3 The Civil Rights Act of 1991, Section 1977A(3) provides that

compensatory damages are not available in cases where findings of

discrimination under the Rehabilitation Act for failure reasonably to

accommodate are made, but where an agency has made a "good faith" effort

to accommodate the complainant. Here, although the first termination

was due to a failure to accommodate, the agency did not argue that it

had acted in good faith and should therefore not be obligated to pay

compensatory damages. Indeed, the agency acknowledged that it should

pay compensatory damages to complainant. This issue will therefore not

be discussed further.

4 Complainant also requested pecuniary damages to pay for the lien on her

house that resulted from unpaid water and sewer bills, arguing that she

would have paid the bills had she not been terminated. We note, however,

that a lien is not an additional expense, but rather a means of securing

a debt. Complainant has not supplied any evidence that the lien caused

her an expense in addition to the original water and sewer bills. She is

therefore not entitled to pecuniary damages in relation to the lien.

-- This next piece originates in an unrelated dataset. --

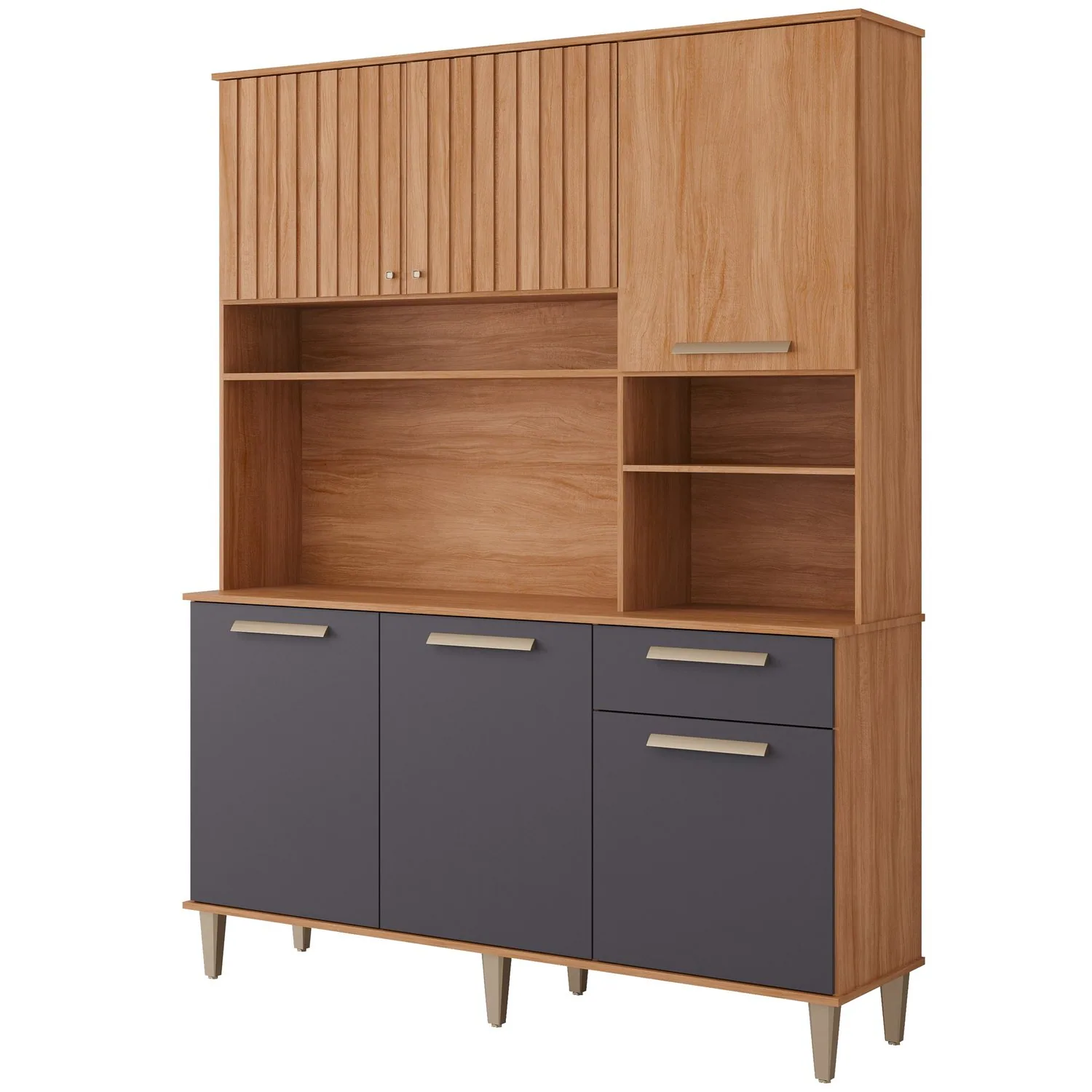 Kit Cozinha 6 Portas Mila 1,51 m Cinamomo/Titanium – MGM MÓVEIS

5 We note that complainant's July 27, 1997 submission to the agency

included a letter from her chiropractor indicating that complainant

requires life-long chiropractic treatment. Complainant's back condition

was not caused by the agency's discrimination and the agency is under no

obligation to award complainant future medical costs for conditions that

do not stem from its unlawful behavior. As noted above, we agree with

complainant that the agency should reimburse complainant for payments

she made to her chiropractor which would have been paid by her insurance

had she not been terminated, but this does not mean that future payments

to the chiropractor incurred after complainant's reinstatement are the

agency's responsibility.

6 Although the doctor did not indicate how long complainant would

continue to take medication, she did note that future treatment should

last 6-12 months, and perhaps longer.